Although our senses feel truthful, they do not necessarily accurately reproduce the physical reality of the world around us.
Optical illusions, or visual illusions, are defined by “the dissociation between the physical reality and the subjective perception of an object or event.” When we experience an optical illusion, we often see something that is not there or fail to see something that is there.
There are three main types of optical illusion:
Literal optical illusions
These create images that are different from the smaller images or objects that make them. This picture of an elephant is a fairly standard example of a literal optical illusion.

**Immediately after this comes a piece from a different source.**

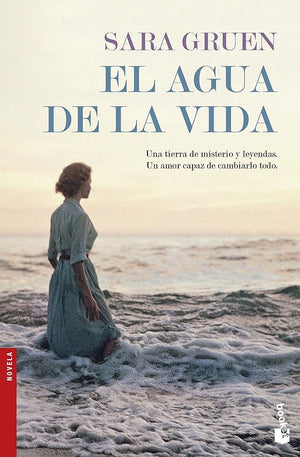 El agua de la vida (Novela)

These are the effects of excessive stimulation of a specific type such as brightness or color, such as an ‘afterimage’. A common physiological afterimage is the dim area that seems to float before one's eyes after briefly looking into a bright light source, such as a camera flash.
These arise as a result of unconscious inferences and are what most people think about when they consider optical illusions.
Cognitive illusions perhaps give the greatest insight into how our minds work as they are thought to arise when an image we see interacts with the assumptions we hold about the world, leading to "unconscious inferences". This idea was first suggested in the 19th century by the German physicist and physician Hermann Helmholtz.
Cognitive illusions are usually divided into four categories:
Ambiguous illusions: Pictures or objects that elicit a perceptual 'switch' between the alternative interpretations. The Rubin's Vase illusion is an ambiguous illusion.
Distorting illusions: These are characterized by distortions of size, length, position or curvature.
In the Ponzo Illusion the upper line looks longer because we interpret the converging sides according to linear perspective as parallel lines receding into the distance.
Paradox illusions: Illusions that are generated by objects that are paradoxical or impossible, such as this Penrose Triangle.
Fiction illusions: When an object is perceived even though it is not in the image, such as this Kanizsa Triangle.